### [Exercise input]
┌────────
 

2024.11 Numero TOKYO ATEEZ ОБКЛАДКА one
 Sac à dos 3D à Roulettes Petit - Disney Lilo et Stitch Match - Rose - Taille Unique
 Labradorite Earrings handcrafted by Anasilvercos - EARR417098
└────────
┌────────
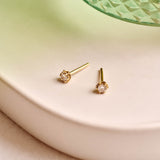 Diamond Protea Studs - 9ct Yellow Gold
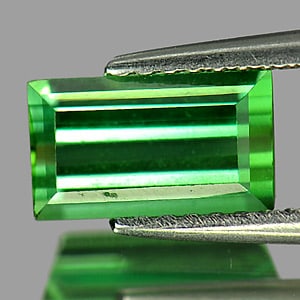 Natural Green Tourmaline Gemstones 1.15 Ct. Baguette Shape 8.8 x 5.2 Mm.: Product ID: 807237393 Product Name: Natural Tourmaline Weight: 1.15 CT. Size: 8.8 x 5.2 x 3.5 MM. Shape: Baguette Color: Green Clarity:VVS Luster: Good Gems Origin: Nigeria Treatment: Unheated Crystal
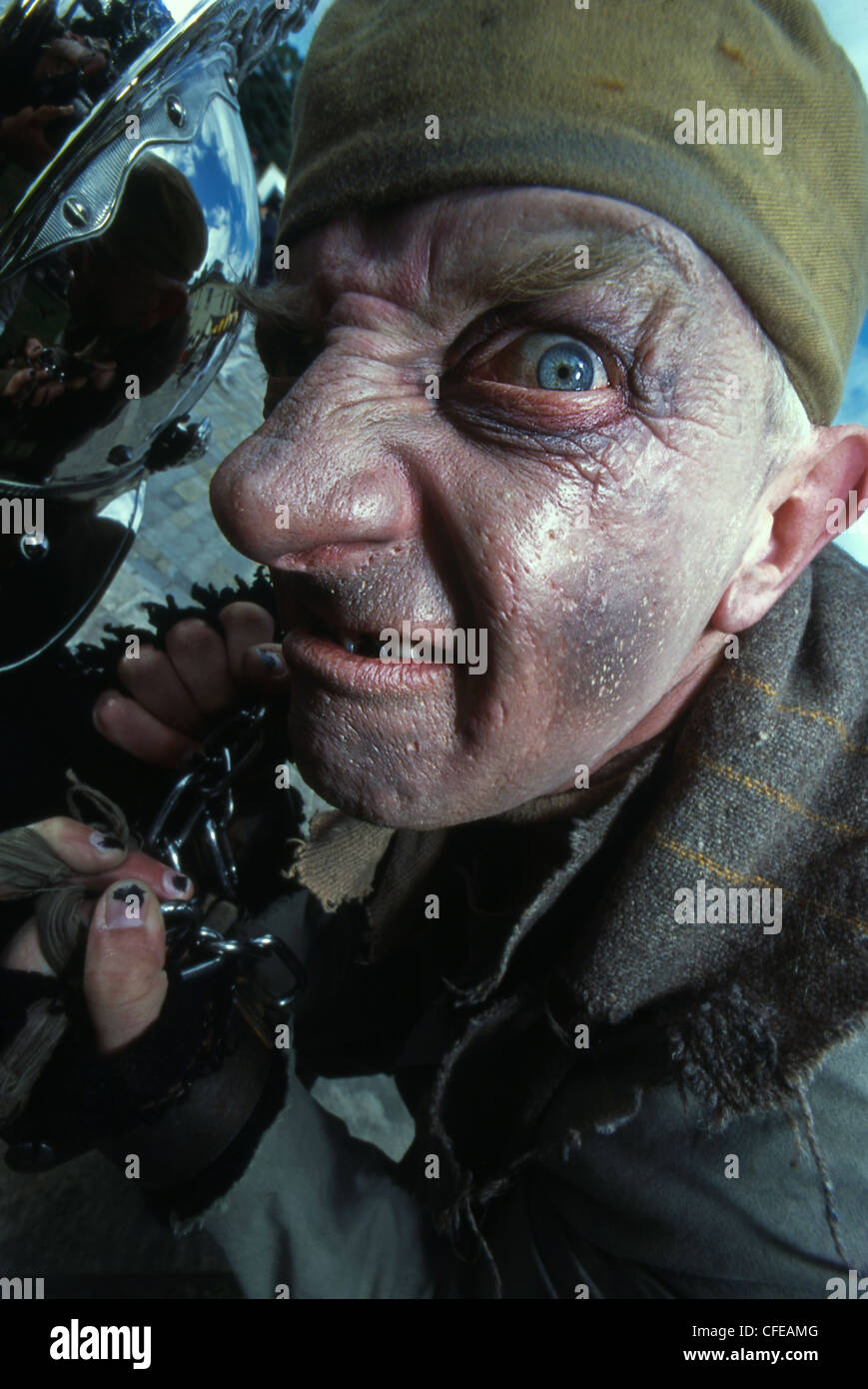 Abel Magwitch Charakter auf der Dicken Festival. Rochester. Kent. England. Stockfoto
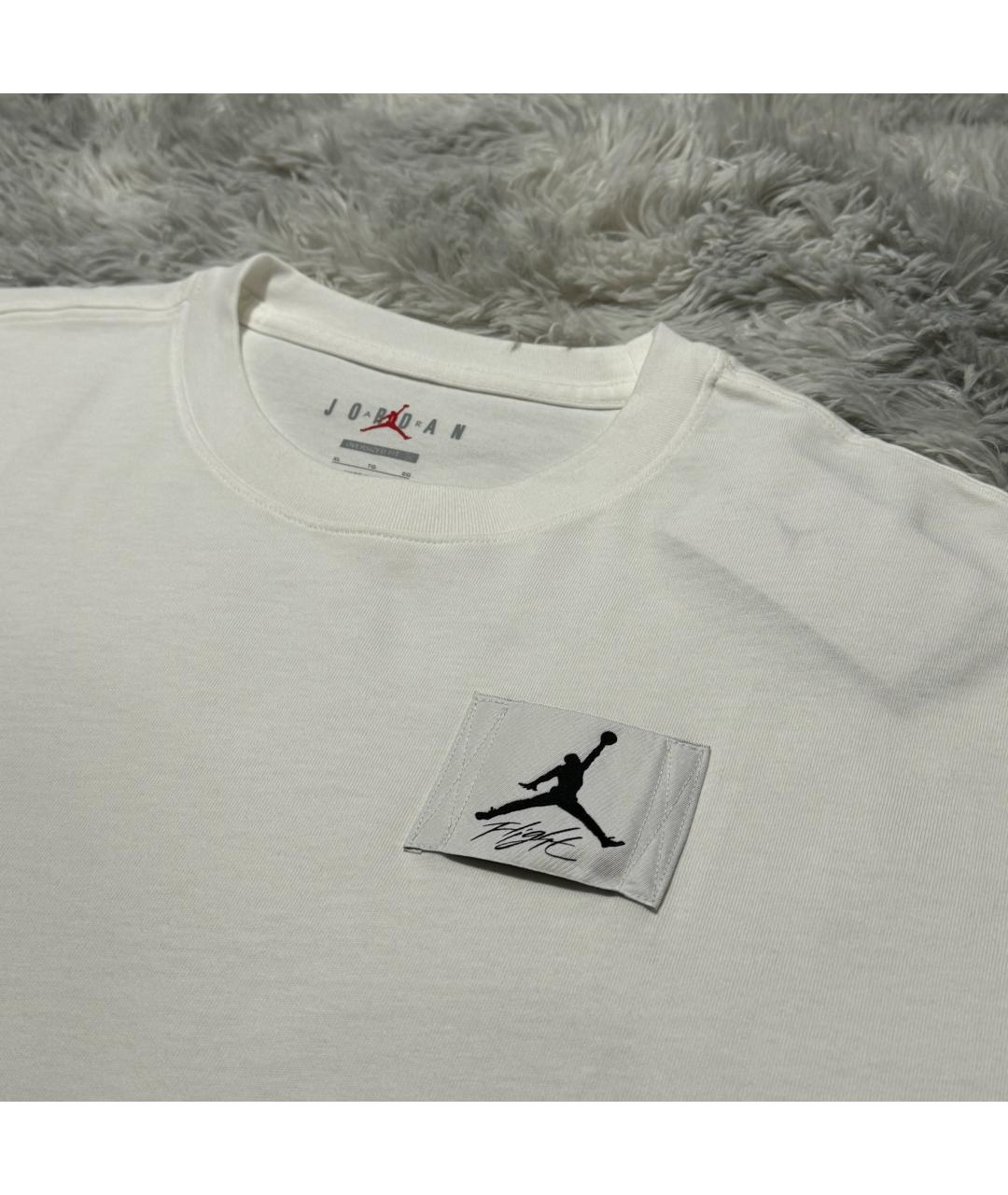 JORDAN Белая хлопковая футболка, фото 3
└────────
From the records above, print exactly the lines that run from the line with "Sac à dos 3D" to the line with "Labradorite Earrings handcrafted", inclusive.

### [Solution to this exercise]
 Sac à dos 3D à Roulettes Petit - Disney Lilo et Stitch Match - Rose - Taille Unique
 Labradorite Earrings handcrafted by Anasilvercos - EARR417098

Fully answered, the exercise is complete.